ASLINDA İKİNCİ TUR ADAYI BELİRLEME ÇABASINDAYIZ
Anket sonuçları AKP-MHP birlikte yüzde 46 deniyorsa kendileri yaptırdığı için 2,3 puan daha aşağıdadır. Yani aslında yüzde 42, 43 falandır. Biraz önce de söyledim. Bizim stratejimiz birinci ve ikinci tur şeklinde. Birinci turda kendi adayımızı çıkaracağız diğer partiler kendi adaylarını çıkaracak. Ama bizim çıkaracağımız aday ikinci tura gelindiğinde, büyük bir parti olduğumuz, diğer partilerin de onay verebileceği bir aday olma konusunda dikkatli davranıyoruz. Bu çalışmalar yapılıyor şuanda. Aday belirleme çok kolay aslında partimizde isimler var arkadaşlarımız. O isimlerden birini açıklarsınız adayımız bu dersiniz biter ama ortak paydada buluşma siyasetidir bu. Burada sadece kendi adayımızı belirlemiyoruz aslında ikinci turda kazanacak adayı arayışındayız bu nedenle işimiz zor. Bu nedenle ince eleyip sık dokuyoruz. Bir konsensüs oluşturularak partimiz adayını açıklayacaktır. Ekmeleddin süreci dâhil yaşadığımız bütün süreçlerinden ders alarak ilerliyoruz. Zaten şuanda düşünüldüğünde ha Ekmeleddin’i koymuşsun ha Gül’ü ya da ha Tayyip Erdoğan’ı koymuşsun, bunların birbirinden farkı yok ki. Gül, Erdoğan’ın onlarca politikasına mühür basarak onaylamıştır.  Amacımız ikinci tura kaldığımızda İYİ Parti’nin de Saadet Partisi’nin de bizim adayımıza oy vermesi gerekiyor. Tabi ki adı geçen Büyükerşen, İnce’nin her ikisi de çok değerli insanlardır ebetteki. İlhan Kesici, İlber Ortaylı gibi… Uzlaşma kültürü eksik maalesef, dayatma politikasından kaçınarak yapıyoruz. Arayışımız CHP’nin adayını cumhurbaşkanı yapmak değil olacak isimin yeniden parlamenter sistemi geri getirecek? Hep beraber bu arayış içerisindeyiz. Bu Türkiye’nin sorundur, sadece CHP’nin değil artık.
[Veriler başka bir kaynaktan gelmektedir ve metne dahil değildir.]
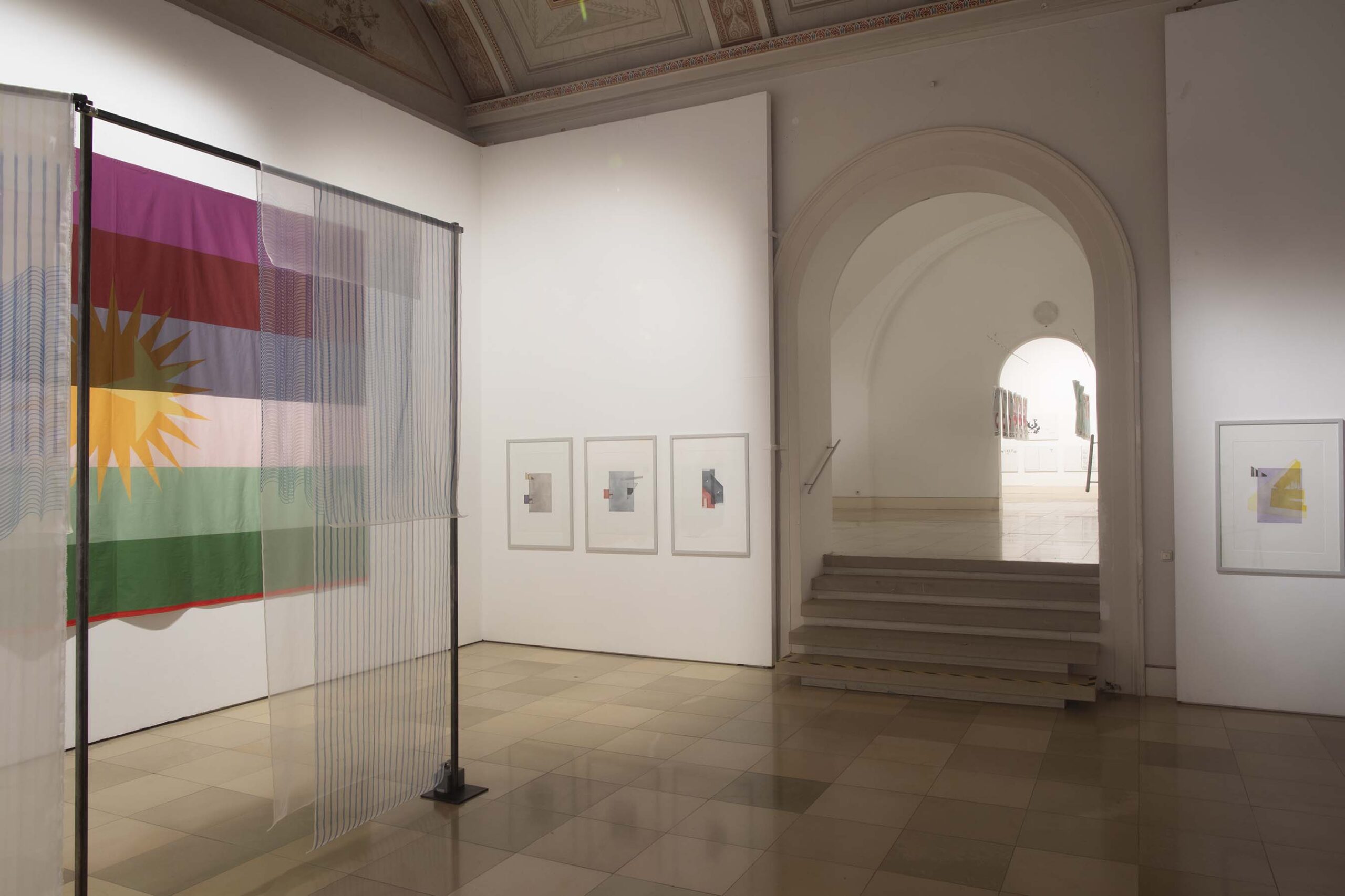 © l.: Annu Vertanen, © r.: Sandra Zech, Ausstellungsansicht PRINTED MATTER, 2025, Foto: Toby Binder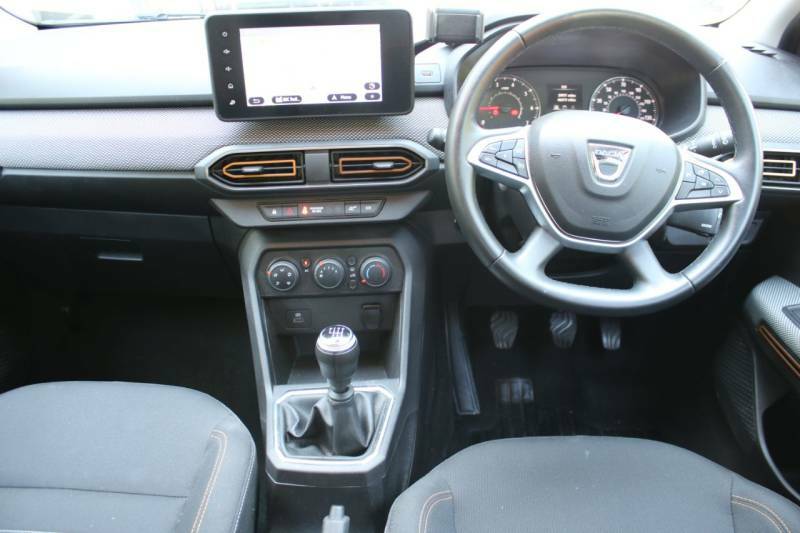 Dacia Sandero Stepway Hatchback  #7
TÜRKİYE’NİN BİRLİK BÜTÜNLÜK ENDİŞESİ
Yaşadığımız 16 yıldır geldiğimiz noktayı değerlendirmek lazım. Ekonomimiz ne durumda borcumuz, ülkenin satılmadık bir şey i kalmamış. Borcumuz dağlar kadar büyümüş, uluslararası ilişkimiz bozulmuş. Batı ile kopma noktasına gelmiş durumdayız. Rusya ve İran gibi ülkelerin rejimlerini geçmiş duruma gelmişiz. Türkiye hukuk devletiydi, parlamenter sistemle yönetiliyordu evet eksikleri vardı ama bir hukuk devletiydi. Bunların hiç biri kalmıyor, hızla kaybediliyor. Birlik beraberliğimiz bozuluyor. Kutuplaşma var. Benden senden anlayışı var. Bütün vatandaşların eşit olma anlayışı yerine seninkiler benimkiler anlayışı hâkim. Bu kutuplaşma daha da büyüyüp iç karışıklıklara neden olabilir,  Türkiye’nin birliği bütünlüğü bozulabilir. Böyle bir endişemiz var. Misak-ı Milli sınırlarımız risk altında.

GÜNEŞ İZMİR’DEN DOĞACAK AKP’NİN GÜNEŞİ İZMİR’DEN BATACAK
İzmir’de CHP en güçlü partidir. Köyden kasabalarına kadar etkin ve güçlü bir partidir. CHP’nin seçimlerde başarısı en yüksek oranda olacaktır. Parti içi kırgınlıklar bitiyor. Birlik beraberlik havasına dönüşüyor her şey. Güçlü beraberlikler ve sahada doğru çalışmak partimizi seçmen bazında ciddi büyük oranlara taşıyacaktır. 15 vekil hamlesi gibi doğru şeyler anlatıyoruz. Bu sefer İzmir bu sefer cumhuriyet değerlerine karşı daha da güçlü bir şekilde ses verecektir. Referandumda yüzde 68.8 oranında hayır çıkmıştı. Yani yüzde 69 gibi bir sonuç çıkmıştı. AKP’nin İzmir’den başlaması çok doğru bir şey değil, buradan başlaması kaybedeceğine işarettir. Biz referandumda muhalefet olarak yüzde 69 oy almıştık bu sefer yüzde 70’in üzerine çıkaracağız. AKP’nin MHP ile oyu inşallah yüzde 30’un altında kalacaktır. Yüzde 32 almışlardı. Bunun altında indireceğiz İzmirliler olarak. Güneş İzmir’den doğacak AKP’nin güneşi de İzmir’den batacak. Güneş İzmir’den doğacak. Yüzde 70’in üzerinde bir sonuçla muhalefet üzerine düşeni yapmış olacak. İzmirli kardeşlerime seçmene inanıyorum. Hep birlikte başaracağız.